**ASSIGNMENT**
The full listing, copied exactly and free of pictures, is the expected reply.

**THE DATA**
-*-

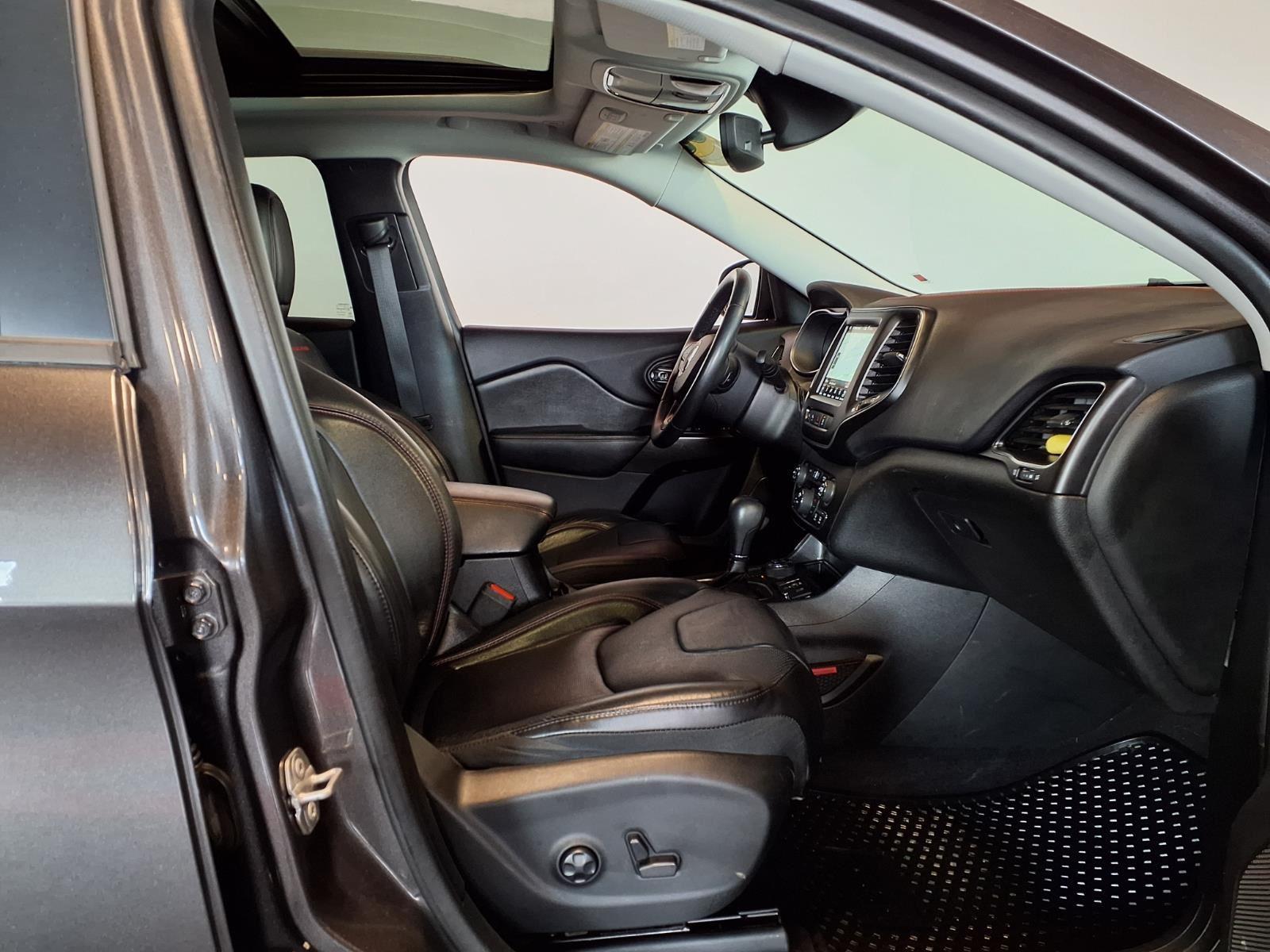 2019 Jeep Cherokee Trailhawk Elite - Granite Crystal Metallic Clearcoat exterior view 12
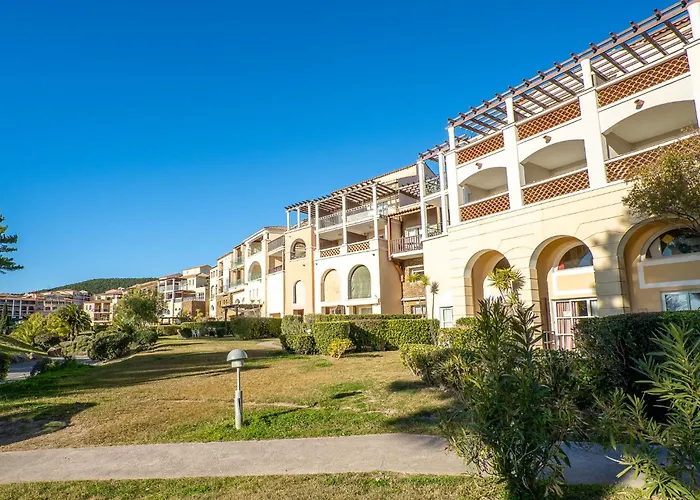 Apartment Village Cap Esterel - L'esquinade-106 By Interhome
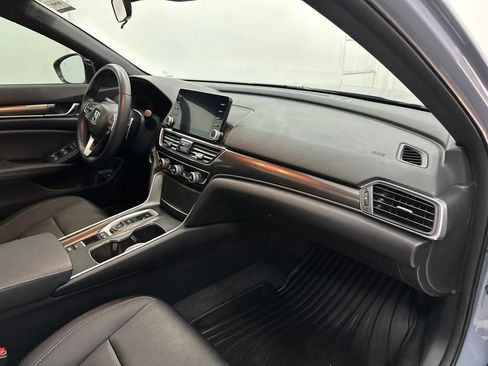 Used 2022 Honda Accord Sport image 25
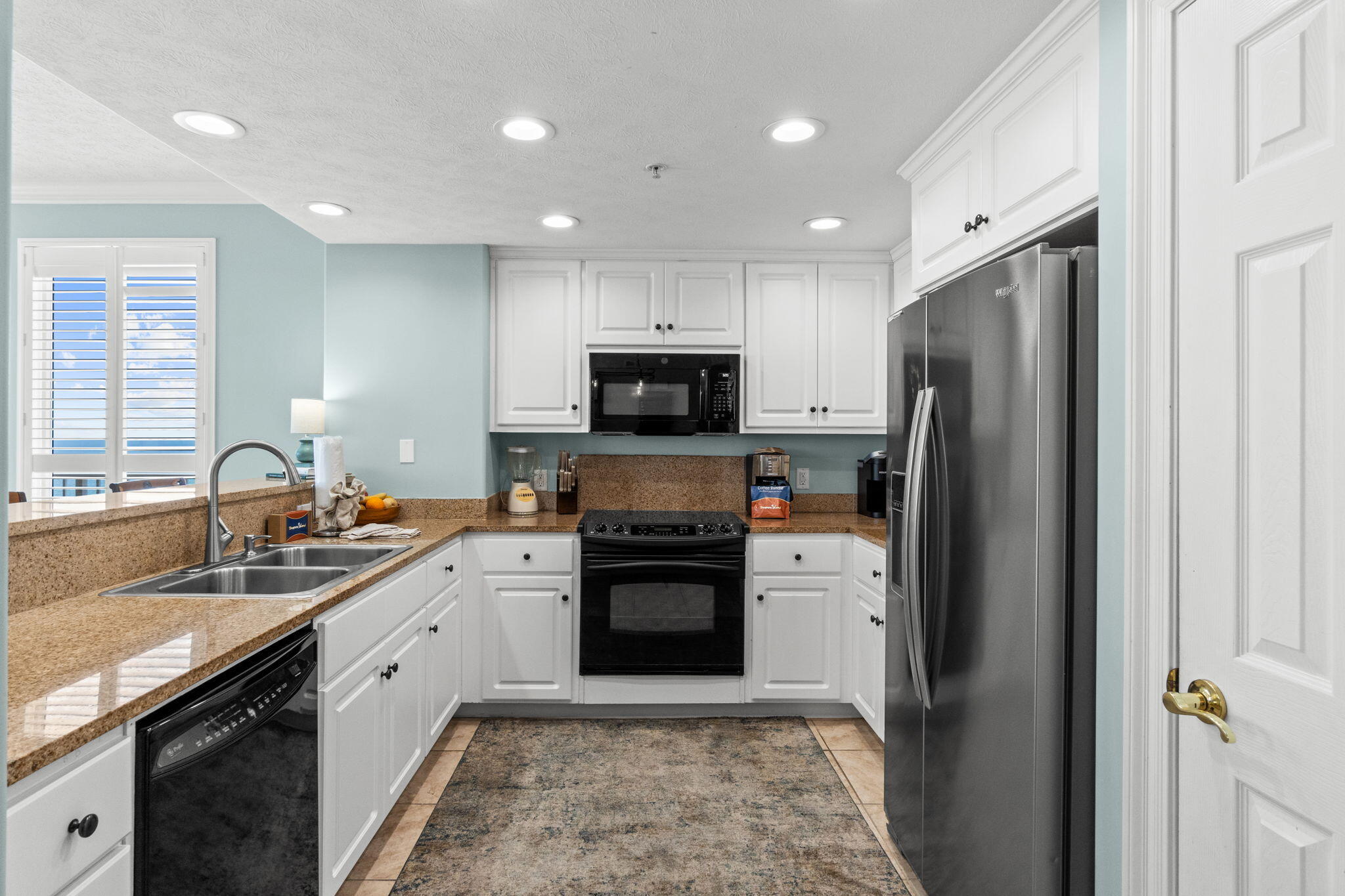 5004 Thomas Drive Panama City Beach FL 32408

-*-

**WRITTEN ANSWER**
 2019 Jeep Cherokee Trailhawk Elite - Granite Crystal Metallic Clearcoat exterior view 12
 Apartment Village Cap Esterel - L'esquinade-106 By Interhome
 Used 2022 Honda Accord Sport image 25
 5004 Thomas Drive Panama City Beach FL 32408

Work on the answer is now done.